As many users are aware, BTS is based on the CLucene Search Engine and documents are returned from the index in order from the highest to lowest score. This score value is the relevance of the document as compared to the documents indexed, the documents returned and the nature of the query.
To get the score, you specify a Statement Local Variable as the third argument to the bts_contains() predicate. This variable may be used in a comparison predicate in the where clause or as a returned column value in the select clause. For example:
SELECT text, score FROM bts_tab WHERE bts_contains(text, 'snow', score#real);
I get many questions on how this value is calculated. Since CLucene is open source on the Web, you can get the source and have a look but it's not that easy to understand. CLucene, itself, is based on Lucene and it is also available as open source. You can find many web pages discussing scoring for either of these packages. My original intention was to point my readers to those sources but its not easy material to digest so I am going to begin here with some very simple basics to help you get started.

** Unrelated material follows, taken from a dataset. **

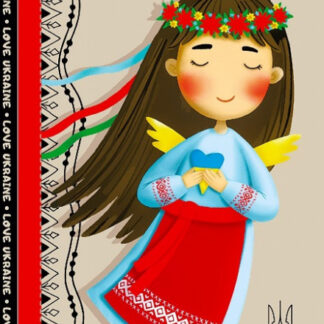 Блокнот 105х165/64 "Mandarin" /БК0494/ 7БЦ, ##, мат.лам. диз. 22286 (1/20)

Lucene scoring uses a combination of the Vector Space Model (VSM) of Information Retrieval and the Boolean model to determine how relevant a given document is to a user's query (from http://lucene.apache.org/core/3_6_2/scoring.html)
I have seen reference to a formula like this:
score_d = sum_t(tf_q * idf_t / norm_q * tf_d * idf_t / norm_d_t * boost_t) * coord_q_d
As I said, it is not so easy to understand! This calculation returns the score value between 0 and 1. BTS converts this value to a percentage. For the purposes of this discussion I will not be asking you to understand this equation.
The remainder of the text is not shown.